Philosophy in Review XXX (2010), no. 3
Edward C. Halper
One and Many in Aristotle’s Metaphysics: Books Alpha- Delta.
Las Vegas: Parmenides Publishing 2009.
535 pages
US$48.00 (cloth ISBN 978-1-930972-21-6)
When the present book, the long-awaited follow-up to Halper’s 1989 volume on the central books of the Metaphysics, is joined by the concluding volume on books iota-nu that we may hope to appear as promised in 2011, the three volumes together will surely constitute the most important and welcome event in Aristotle scholarship since the publication of Joseph Owens’ The Doctrine of Being in the Aristotelian Metaphysics in 1978. Indeed, Halper’s opus may be seen as a manifestation of a certain coming of age in the modern study of ancient philosophy, in which neither historicism nor an uncritical embrace of the interpretive tradition any longer prevent engaging the ancients in philosophical inquiry that both honors the historical context of ancient thought and is responsive to contemporary philosophical concerns.
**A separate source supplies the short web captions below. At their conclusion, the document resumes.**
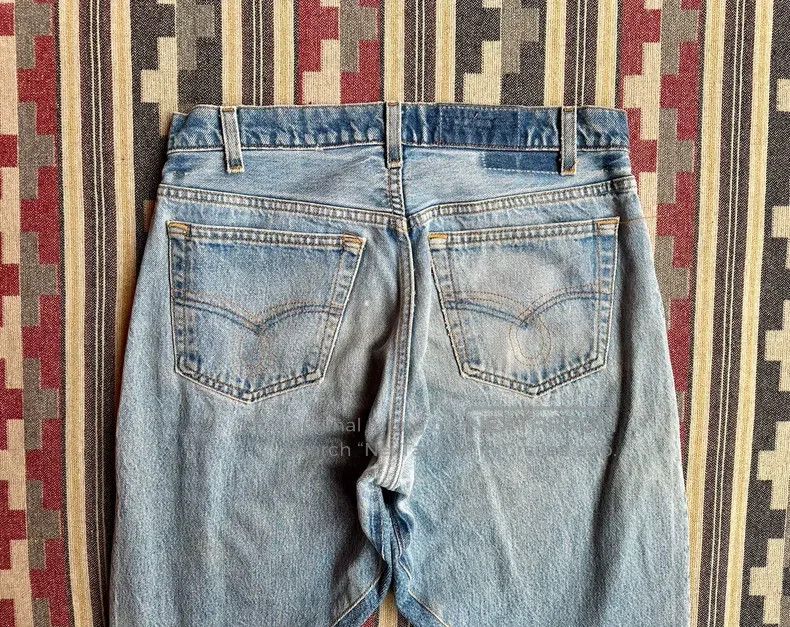 Needles size M Patchwork 3D Cut Machete Jeans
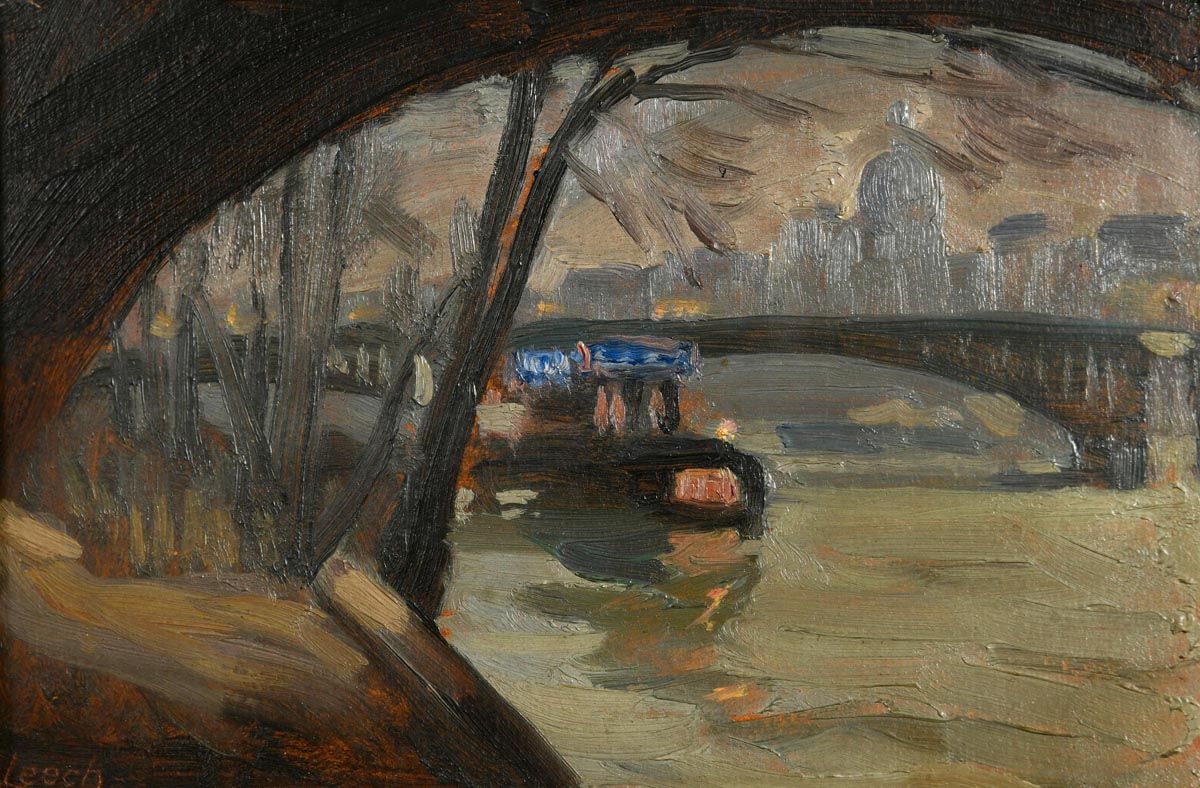 William John Leech, Tug on the River Thames at Morgan O'Driscoll Art Auctions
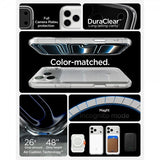 Spigen iPhone 17 Pro Skal Ultra Hybrid T MagFit Glossy White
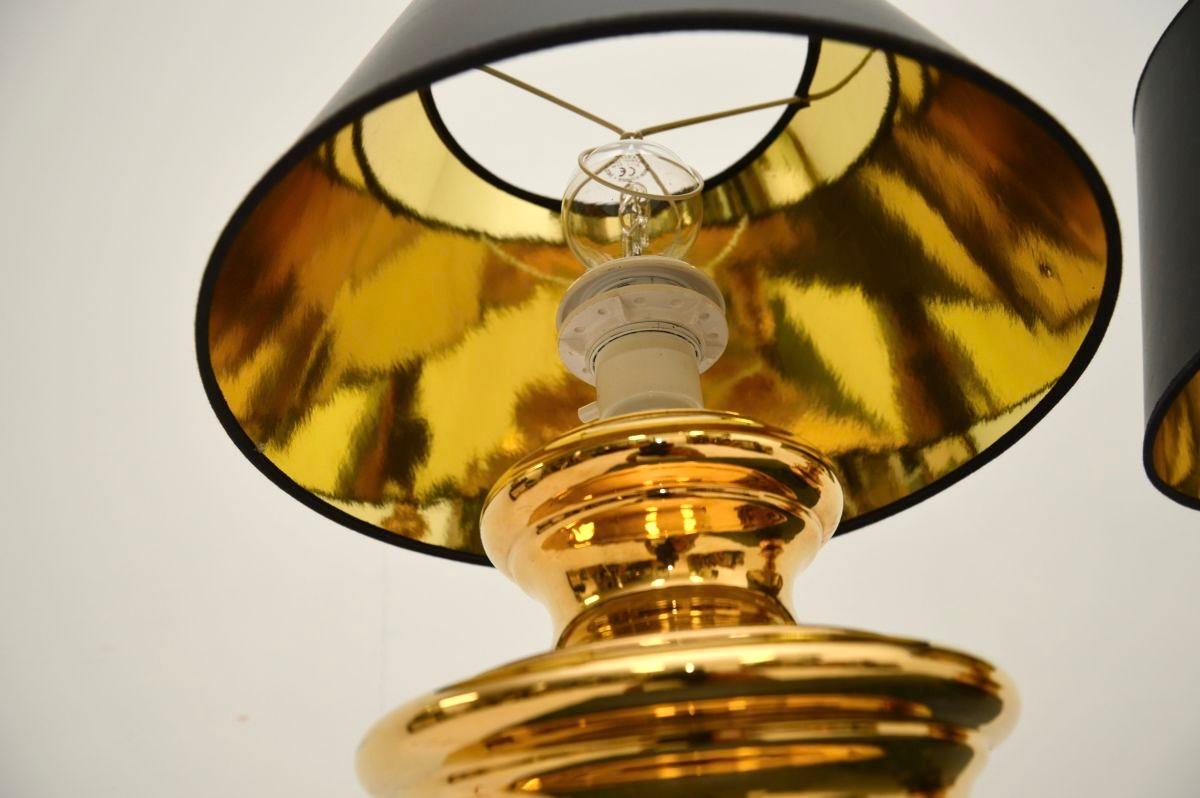 Paar italienische Vintage-Tischlampen aus Keramik (Mitte des 20. Jahrhunderts) im Angebot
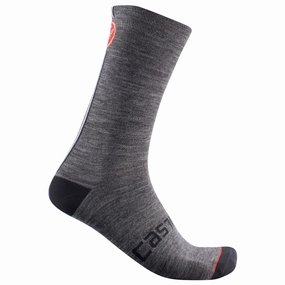 Castelli Racing Stripe 18 socks - Grey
Not that Halper imposes contemporary concerns upon his reading of Aristotle; on the contrary, he finds that efforts to use Aristotle’s thought to address contemporary issues have tended to obscure his reasoning, and it is with Aristotle’s reasoning—his systematic argumentation—that Halper is most concerned. Halper recounts how the early 20th century projected onto Aristotle a developmental path from idealism to empiricism, whereas in the postwar era he came to be seen as a linguistic philosopher. What these hermeneutical strategies have in common, Halper discerns, is not that they set out to make Aristotle speak to contemporary concerns, but rather simply that the absence of a systematic intentionality accorded to the text leads them to seek an animating dynamic outside the text, ‘and it is natural that the connections they think of are those that are most alive and interesting to them’ (36).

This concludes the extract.